Tuesday, March 8, 2011

Financial Climate Makes French Clubs Nervous

Faced with the economic crisis, a depressed transfer market and the prospect of lower television rights, French clubs are going through a delicate financial period.
As a sign of the nervousness, the union of professional clubs has for the first time refused to endorse a report by the national directorate of management control (DNCG), the financial police of the professional league, for the 2009/10 season.

"The accounts are not good. However, it is necessary to keep our heads," league president Frederic Thiriez said.
"This report will be submitted to the union so that it can make its observations," he told reporters, adding that he would go back to talk to his members in a month.

In its annual report, the DNCG announced a cumulative deficit of nearly 130 million euro (111.7 million pounds) for clubs (114 for Ligue 1 and 15.8 for Ligue 2) for the year ending June 30, 2010.

The losses for the 20 clubs in the top flight were reduced to 114 million after write-downs by some shareholders but the widening of the deficit, which has more than doubled from 2008/09 (57 million), still worries the league.

The phenomenon is not limited to France. More powerful and more structured European clubs do not feel this financial threat any less, especially those who rarely make it into the lucrative Champions League.
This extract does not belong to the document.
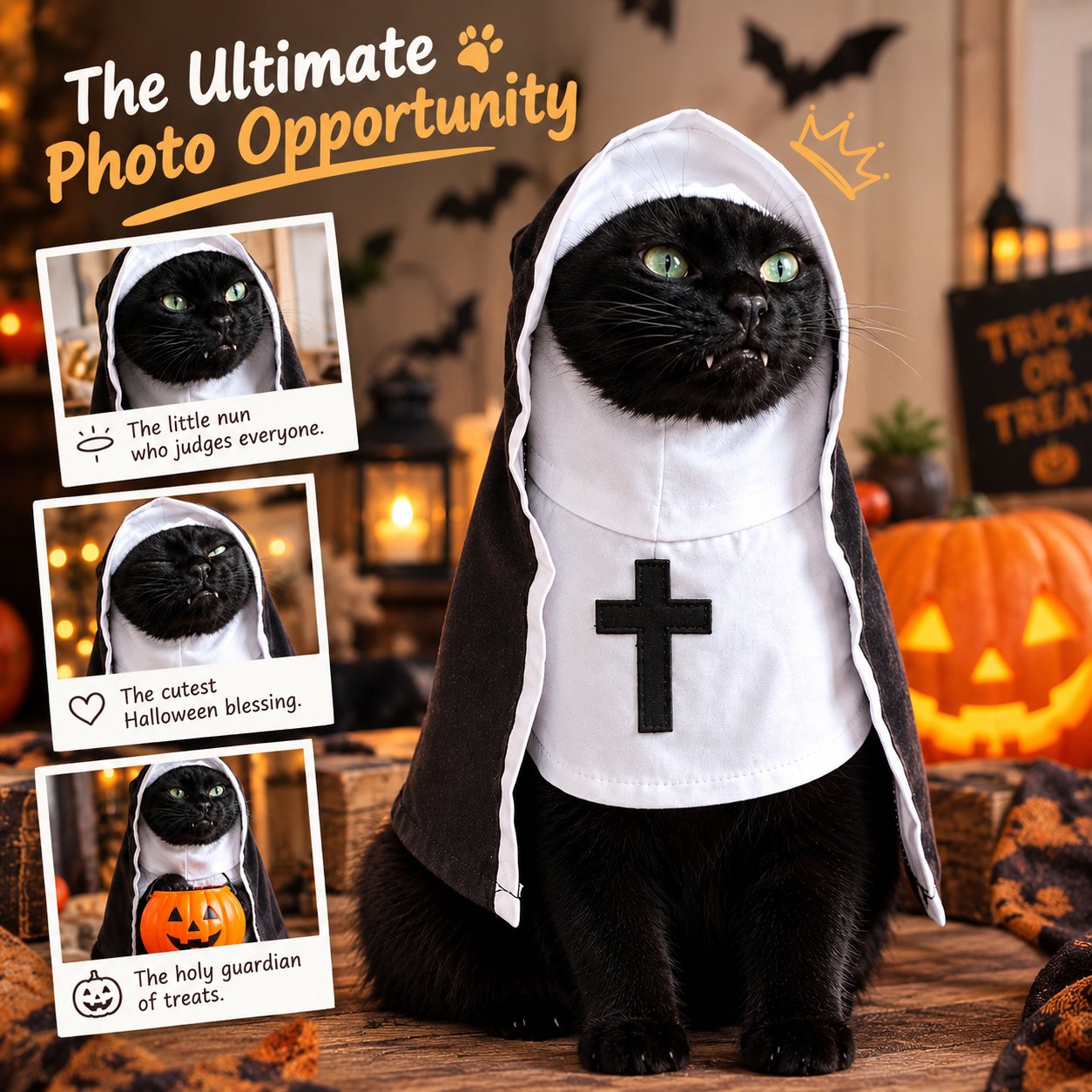 Funny Halloween cat nun photo ideas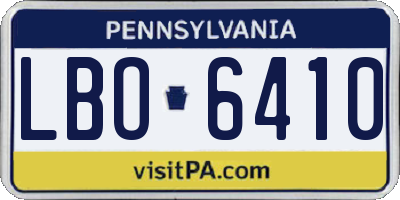 PA license plate LBO6410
The leaders of French football, in creating the DNCG, have taken an innovative approach and want it to be an example for the other championships in Europe, with Italy's Covisoc operating in a similar way.

TRAINING CENTRES

Michel Platini, president of European football's governing body UEFA, was also inspired to set up the "financial fair play" initiative aimed at imposing discipline on the financial accounts of European clubs.

The programme, which includes a salary cap and seeks to compel clubs to achieve financial balance, comes fully into force on June 1 and is paradoxically partly to blame for the current difficulties of French clubs.

Due to the quality of its training centres, French football is one of the principal breeding grounds for top European teams who have come to do their shopping here, alongside French clubs who are financially incapable of competing for the best talent.

Then the economic crisis arrived, forcing European football's big clubs to tighten their purse strings and depriving French clubs of one of their main sources of revenue.

The crisis has equally led to a drop in match ticket sales, notably season tickets, the withdrawal of local authority help for clubs because of budget problems and a decrease in sponsorship by companies.

There are also penalising tax measures, including the abolition of collective image rights which allowed clubs up to last season to enjoy an exemption of 30 percent in the charges of the remuneration of certain players.

TELEVISION RIGHTS

However, the most serious threat hanging over French sides is the renegotiation of television rights, with the current contract up next year having generated 668 million euros per year from 2008-2012, an average of 57 percent of club budgets.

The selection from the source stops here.